[Nomen-dev] Threads again- run for the hills!
Brought to you by:
bhurt
|
From: Brian H. <bh...@sp...> - 2002-04-04 21:18:23
|
The idea came to me last night- pointer swizzling.
OK, a little definitional here. Pointer swizzling is when you can tell
from it's form that a pointer is invalid. You then use "invalid" pointers
to hold reference information, and supply an unswizzle routine to turn an
invalid pointer into a valid one.
Some examples make this clearer. Let's say you're on the x86- a 32-bit
architecture that allows misaligned stores. You could limit memory usage
to the low 2 gig (want more memory? Use a 64-bit processor!). If the
high bit is clear, it's a valid normal pointer. If the high bit is set,
it's an invalid pointer, and the other 31 bits form some form of index to
allow the unswizzle routine determine what to do about it. On GCC you
could do something like:
extern void * unswizzle(void *);
static __inline__ void * load_ptr(void * ptr) {
if ((((unsigned long) ptr) & 0x80000000ul) != 0) {
return unswizzle(ptr);
} else {
return ptr;
}
}
The performance hit on this is minimal- it compiles to:
movl ptr, %ebx ; or whichever register- we'd have this
; instruction anyways
testl %ebx, %ebx
jns 1f
pushl %eax
pushl %ebx
call unswizzle
movl %eax, %ebx
addl $4, %esp
popl %eax
1:
We've added only 12 bytes of object code total over the original code
size, and executed only an additional two instructions (and no memory
reads/writes) over what was before in the (hopefully) common path of the
pointer being unswizzled. Note that this cost is already incurred in many
garbage collection algorithms.
If you were on something like a PPC, a 32-bit architecture which doesn't
allow misaligned loads, you could declare that if the low order bit is
set, it's an invalid pointer.
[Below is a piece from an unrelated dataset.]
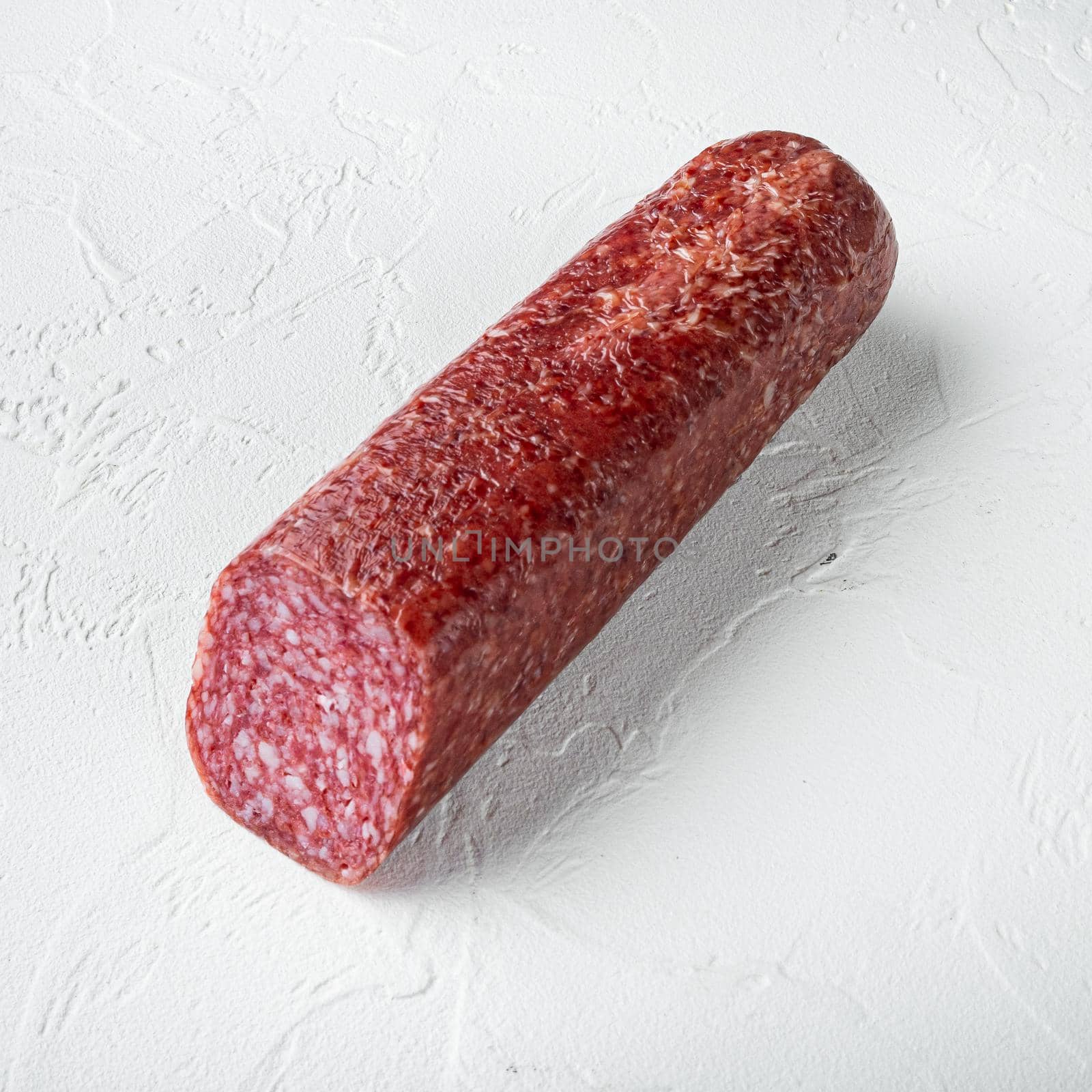 Traditional smoked salami sausage with spices, square format, on white stone table background by Ilianesolenyi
Even better, you could simply patch the
signal handler and have it handle the deswizzling, meaning you don't have
to check each pointer load. An interesting read to this is:
http://citeseer.nj.nec.com/wilson92pointer.html
In addition to the classic uses of pointer swizzling for distributed
shared memory and persistant object store, we can also use it for garbage
collection and locks.
Here's the rules:
1) The user space threads always swizzle the pointers before writting
them, and then sends a message to the GC that a new pointer has been
written (note, this isn't as expensive as it sounds- most of the time you
simply append the address of the pointer just written to an array. A
handfull of instructions, and already done in many GC systems).
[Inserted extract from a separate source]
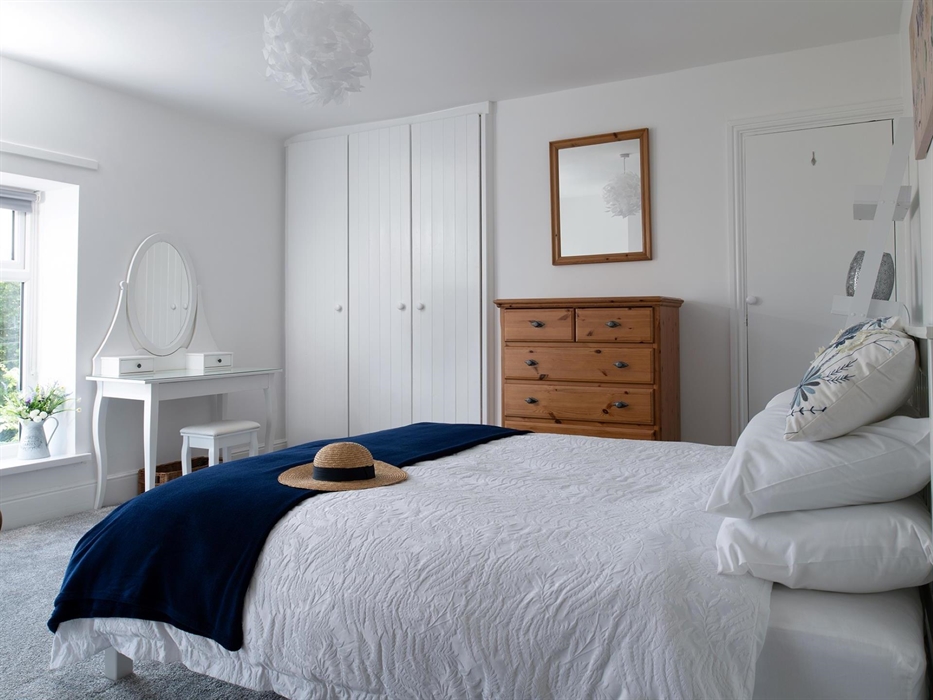 The main bedroom is very spacious.  It has a king-size bed and 2 large windows looking out on a lovely view.  There is plenty of room for the Z bed he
2) The user space threads always check for a swizzled pointer when they
load a pointer, and calls unswizzle() if it's swizzled. Among other
things, unswizzle() grabs any locks necessary. Unswizzle may also
unserialize the object, retrieve it from a remote system, or wait for the
GC to finish copying it before returning it. Once unswizzle() returns,
the thread owns the object until:
3) The user space thread no longer needs the object, at which point if the
original pointer is (still) swizzled, it calls release_swizzle(). Note
again this is only a handfull of instructions. release_swizzle() unlocks
any locks required.
4) The garbage collection can copy and object by first acquiring the lock
for the object, going through and changing all references to the lock to
be swizzled, copying the object, then going through and changing all the
references back.
5) In addition, the lock anaylzer can go through and decide what pointers
to unswizzle. Note the decision to lock or not lock can be done per
pointer- not per object. So if you're going from object A to object B you
don't have to lock (as A's pointer to B is unswizzled), while if you go
from object C to object B you do have to lock (because C's pointer is
swizzled).
You know, I'm tempted to abuse C++ as an experimentation system. Wow-
mark the calander. This is the second good thing I've said about C++ in
my entire life. I think I need to lay down for a bit. But C++'s lack of
an already-existing GC system, operator overloading, and templates give me
enough rope to screw around with this without designing a special purpose
language.
Brian
|